Kemuidian masa SMP. Tak terlalu banyak yang bisa diceritakan tentang kemembacaan di masa SMP ini. Di SMP saya memang ada perpustakaan, lumayan besar malah, tapi tak terlalu banyak sesuatu yang bisa dibaca. Hanya buku-buku pelajaran bantuan pemerintah yang sebagian sudah kurikulum lama.  Tak terlalu banyak hal menarik yang bisa dilakukan di sana. Maka tak heran, perpustakaan bukanlah tempat favorit saya kala SMP.

Dan masa SMA. Masa inilah yang mampu melejitkan minat saya ke membaca. Bersekolah di sebuah SMA paling bergengsi di kota saya, Pasuruan, saya mulai menemukan sebuah perpustakaan yang mulai mendekati perpustakaan bayangan saya. Perpustakaan itu tak cukup besar, sempit malah, buku-bukunya juga tak sebegitu banyak, tapi di situlah saya mulai mengenal banyak hal. Seperti di SD saya dulu, buku-buku di situ juga kebanyakan bantuan pemerintah. Tapi bagi saya kala itu, itu saja sudah cukup. Di perpustakaan itulah kemudian saya mengenal Budi Dharma dengan Olenka-nya, YB Mangunwijaya dengan Burung-Burung Manyar-nya, Umar Kayam dengan Para Priyayi-nya, Taufiq Ismail dengan malu (aku) jadi orang Indonesia-nya, Ernest Heningway dengan Lelaki Tua dan Laut-nya, serta sastra-sastra klasik lainnya yang akan sangat panjang bila saya daftar satu persatu. Di perpustakaan itu pulalah saya mengenal majalah sastra Horison. Saya menikmati betul kala  membaca sastra pelajar pada lembar kaki langit di mjalah Horison itu. Lembar Kaki Langit inilah kemudian yang cukup hebat menstimulus saya menjadi seorang penulis, selain tentunya lembar budaya dan sastra hari minggunya Kompas (*apa yah namanya? Lupa. Disini tak lagi baca Kompas*). Di SMA inilah saya menjelma menjadi manusia perpustakaan. Menjadi kutu buku yang tak berkacamata. Waktu Istirahat adalah waktu membaca. Kebiasaan yang ternyata ada untungnya, sebab uang saku saya kala itu tak cukup banyak untuk dijajankan di kafetaria. (*untuk masa SMA ini, saya tak bisa tidak untuk tidak berterimakasih pada Dewi. Satu-satunya orang sepertinya yang lebih baik dari saya dalam intensitas meminjam novel-novel klasik itu*)
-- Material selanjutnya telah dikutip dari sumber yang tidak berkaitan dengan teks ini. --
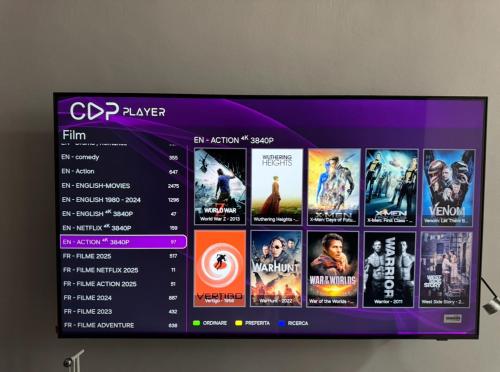 a tv screen with a bunch of movies on it at Apartment Camilla in Martil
Kuliah! Kuliah! Ada banyak hal sepertinya yang bisa diceritakan pada masa-masa ini untuk segala hal yang berhubungan  dengan membaca. Di sini, saya menemukan perpustakaan kampus yang besar berlantai-lantai yang kala pertama melihatnya membuat saya takjub. Hanya sayangnya, ini adalah kampus teknik. Hanya ada jurusan teknik dan science. Maka yang lebih banyak tertemukan di perpustakaan adalah textbook tebal berbahasa inggris tentang pabrik atau mesin, atau rancang bangun, atau jaringan listrik, atau struktur beton, atau perkomputeran. Jangan harap akan banyak buku sastra tertata di salah satu raknya. Sebuah kekurangan yang ternyata membukakan jalan untuk hal lain. Sebab, walaupun tak terlalu banyak buku-buku sastra, di perpustakaan itu masih cukup banyak buku agama dan motivasi. Jadilah kemudian saya  merambah dunia lain dan mengenal penulis-penulis lain beserta karyanya selain yang sudah saya tuliskan sebelumnya. Di perpustakaan inilah sehabis kuliah (khusunya di semester-semester awal*) saya menghabiskan waktu. Ke lantai bawah membaca berbagai koran hari ini, atau lantai tiga membaca berbagai koleksi majalah dan tabloid, atau lantai lima mencari-cari buku yang sekiranya bisa dipinjam.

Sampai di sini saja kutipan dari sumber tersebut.